Data section ▸
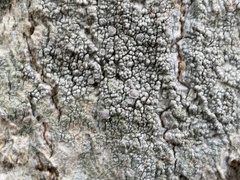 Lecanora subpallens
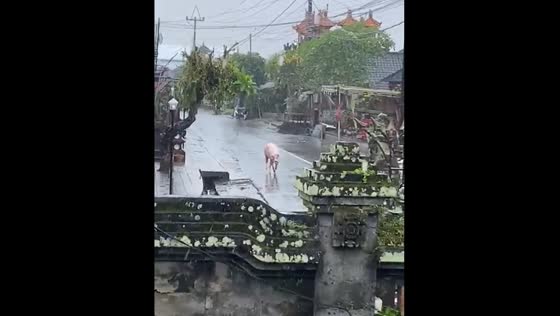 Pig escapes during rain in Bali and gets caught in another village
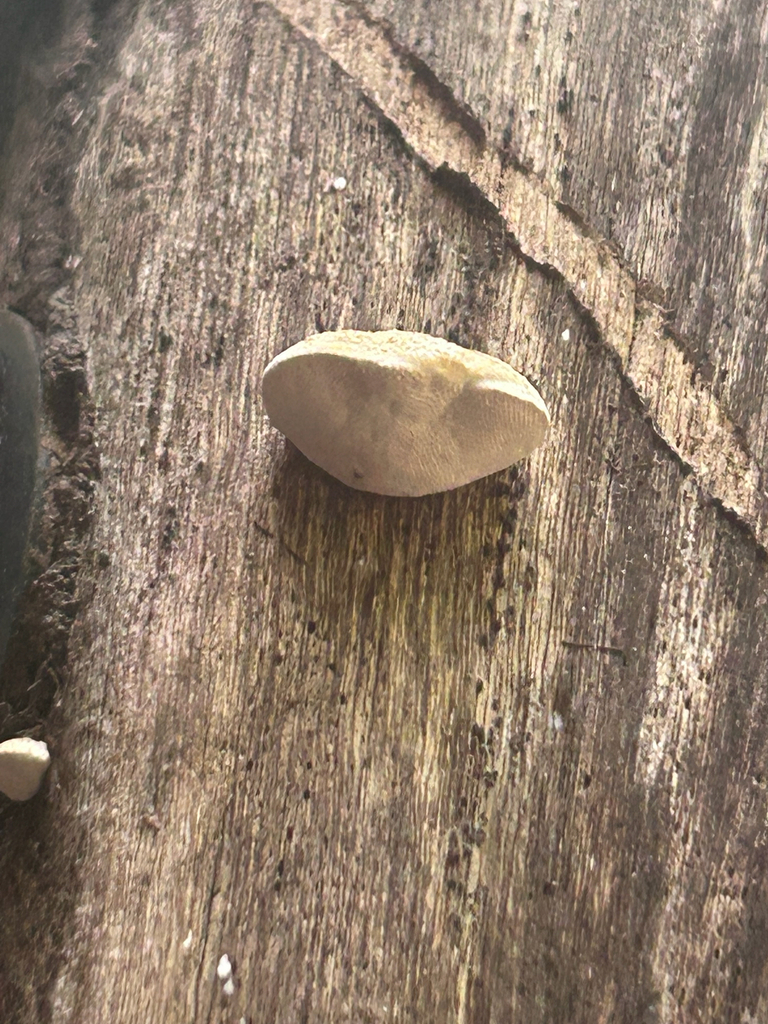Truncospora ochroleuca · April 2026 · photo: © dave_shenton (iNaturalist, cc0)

Exercise objective ▸
All the lines above need to be repeated exactly, with no pictures carried over.

Written solution ▸
 Lecanora subpallens
 Pig escapes during rain in Bali and gets caught in another village
Truncospora ochroleuca · April 2026 · photo: © dave_shenton (iNaturalist, cc0)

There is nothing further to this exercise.